**EXERCISE DIRECTIONS**
Please repeat the whole listing exactly, but leave the pictures out.

GIVEN DATA section start

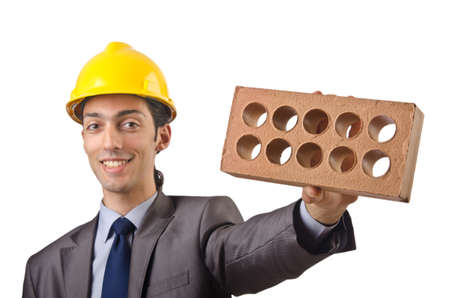 Businessman with bricks on whiteの写真素材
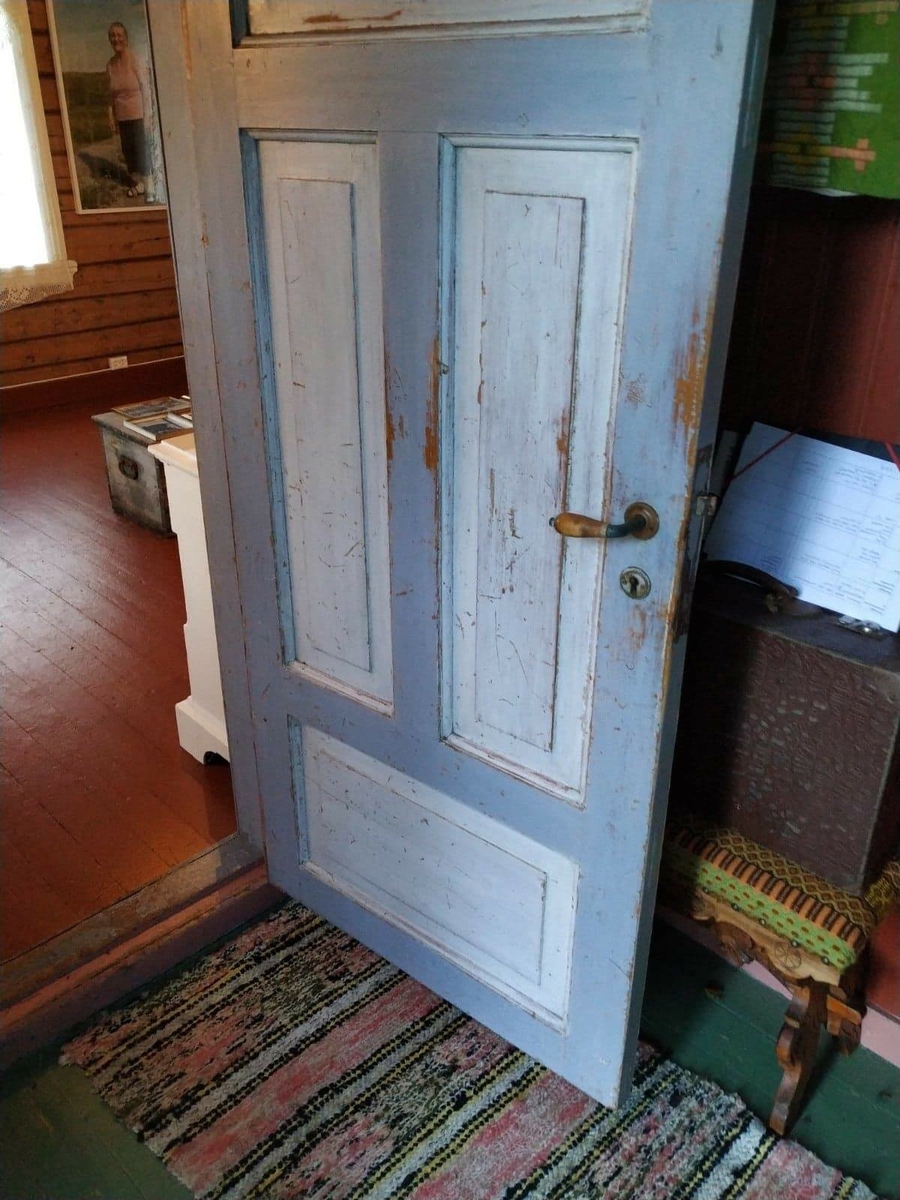 Huset har panel stående panel, malt rødt med hvit dekor på og rundt vinduer. Skifertak.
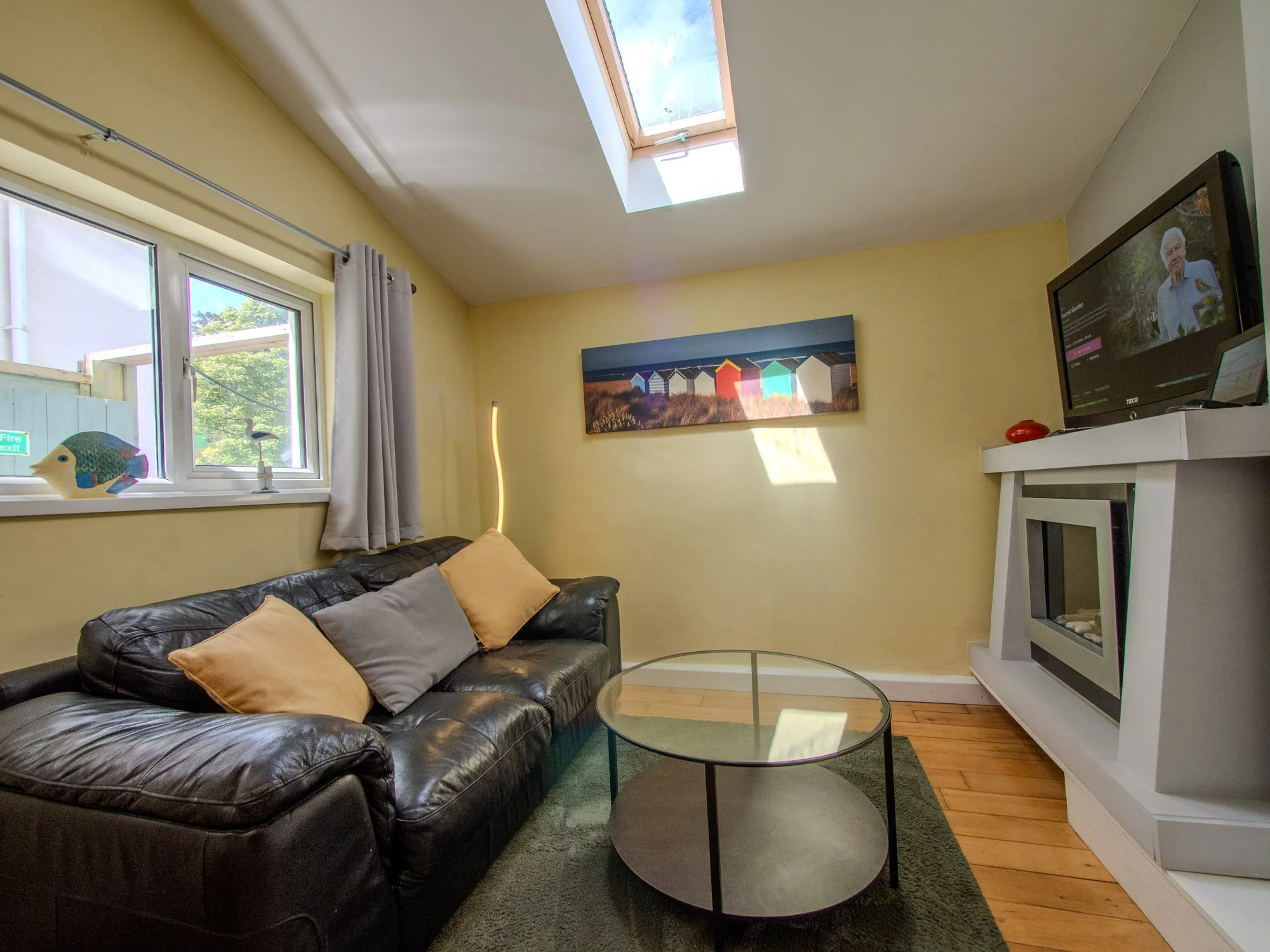 Living room with a black leather sofa, beige cushions, a round glass coffee table, yellow walls, a window with curtains, a colorful beach hut painting, a television on a white stand, a skylight, and hardwood floors.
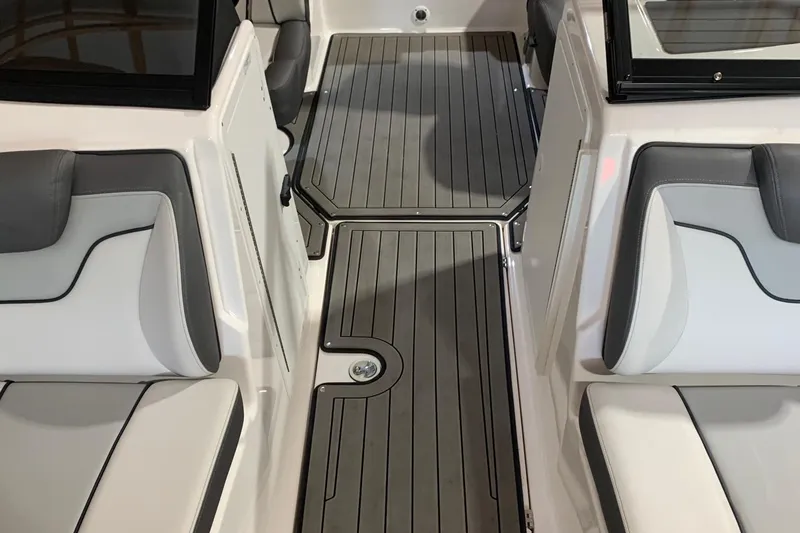 Slide: The Image of 2017 Yamaha Boats 212 Limited interior with sleek seating and modern flooring design. - 16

GIVEN DATA section end

**ANSWER TO THIS TASK**
 Businessman with bricks on whiteの写真素材
 Huset har panel stående panel, malt rødt med hvit dekor på og rundt vinduer. Skifertak.
 Living room with a black leather sofa, beige cushions, a round glass coffee table, yellow walls, a window with curtains, a colorful beach hut painting, a television on a white stand, a skylight, and hardwood floors.
 Slide: The Image of 2017 Yamaha Boats 212 Limited interior with sleek seating and modern flooring design. - 16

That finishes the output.